(Stored dataset items)
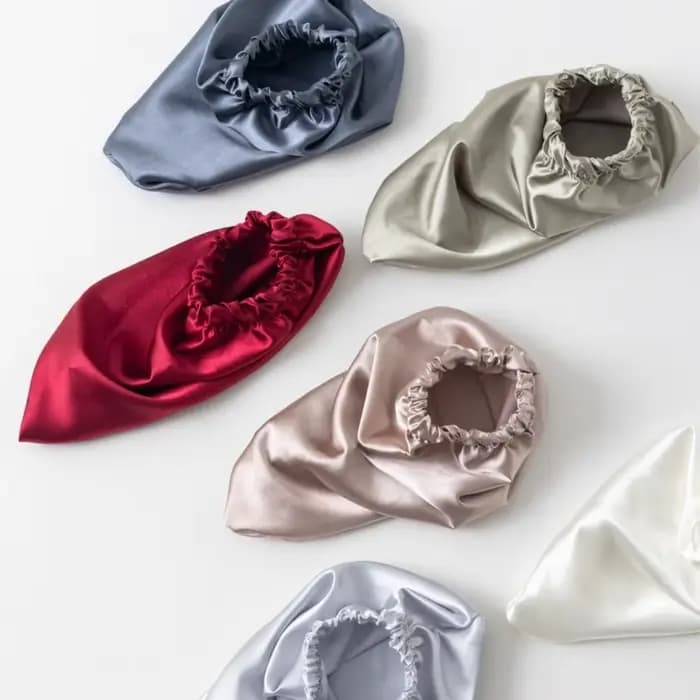 Chaussettes de couchage en soie brillante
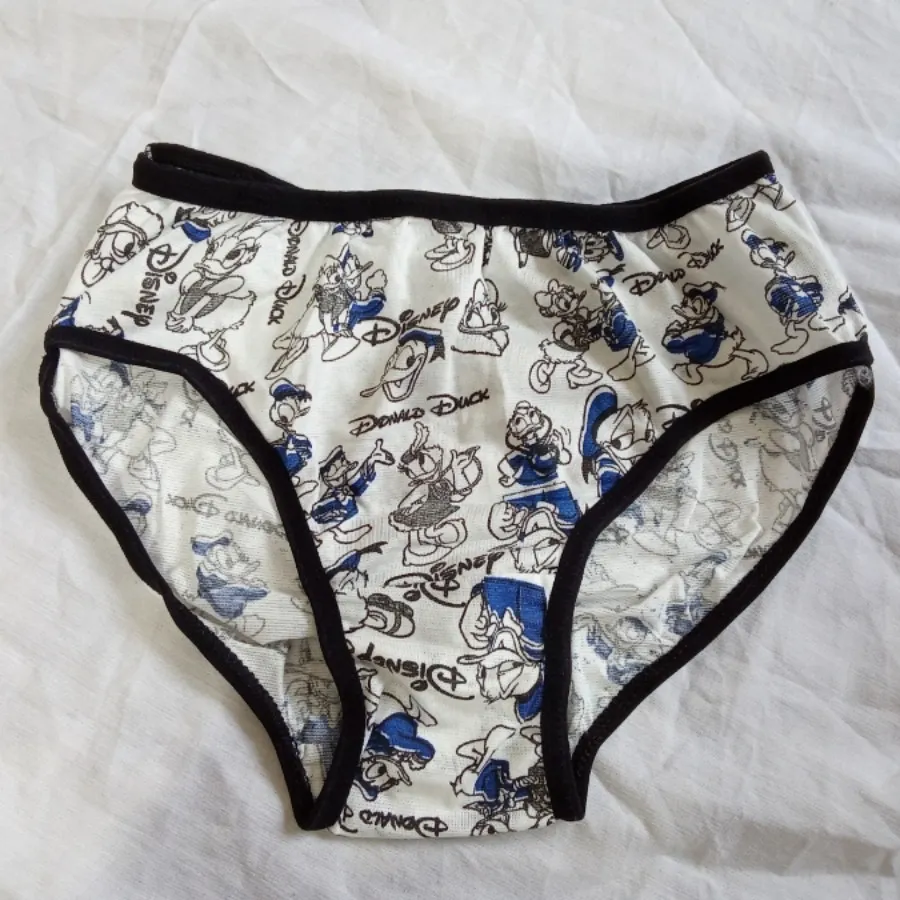 لباس زیرزنانه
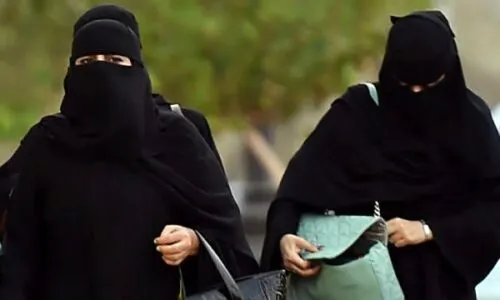 «القرار 406» يمنح 6 ترتيبات لـ1.5 مليون من أبناء السعوديات من زوج غير سعودي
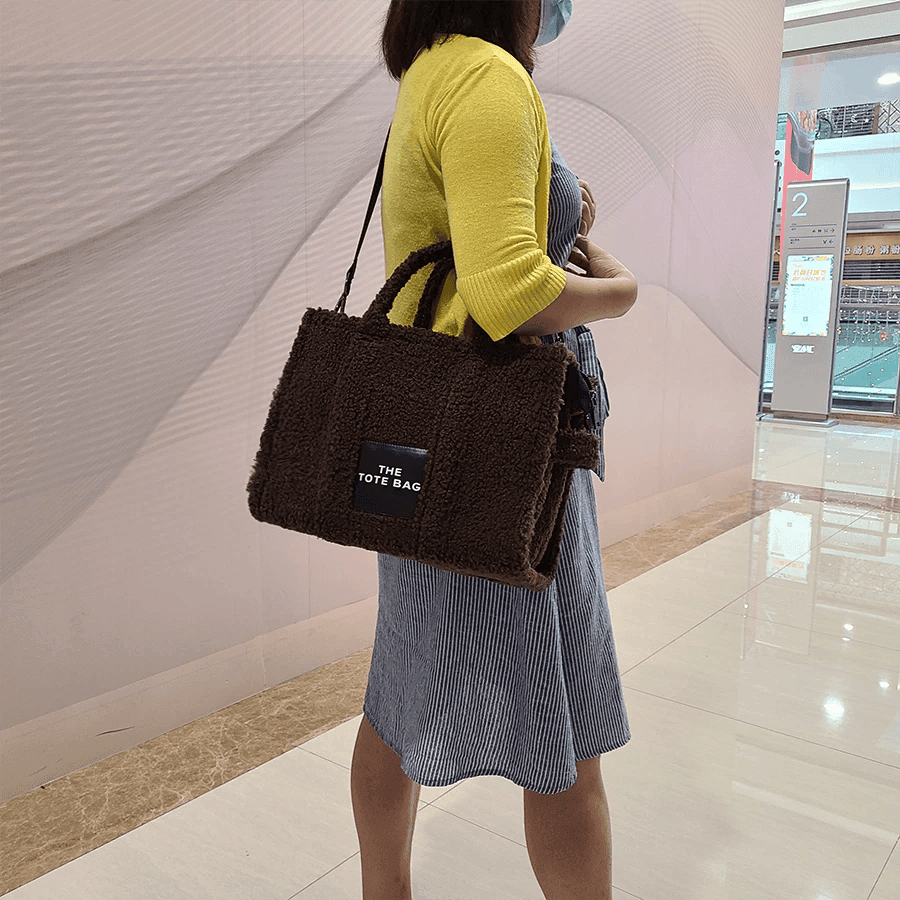 תיק מעצב מניו יורק בסיגנון 'טדי בר ' להופעה מדליקה ומיוחדת - לה איסלה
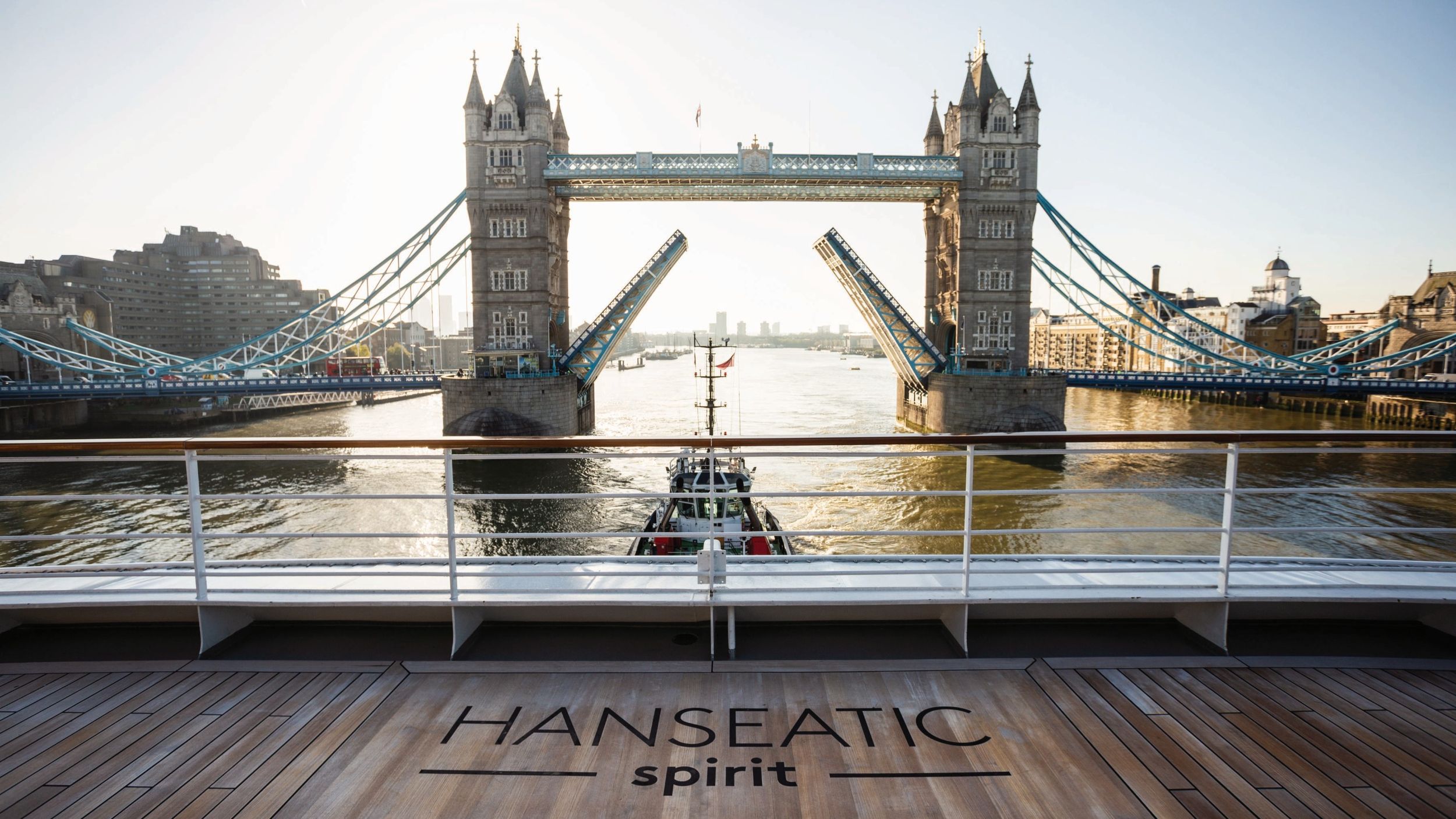 Die HANSEATIC spirit kurz vor der Durchfahrt der Tower Bridge in London | © Hapag-Lloyd Cruises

* **Exercise requirements**
Your output should be exactly the lines of the records above from the one with "תיק מעצב מניו" through the last, both ends included, with pictures excluded.

* **Exercise solution**
 תיק מעצב מניו יורק בסיגנון 'טדי בר ' להופעה מדליקה ומיוחדת - לה איסלה
 Die HANSEATIC spirit kurz vor der Durchfahrt der Tower Bridge in London | © Hapag-Lloyd Cruises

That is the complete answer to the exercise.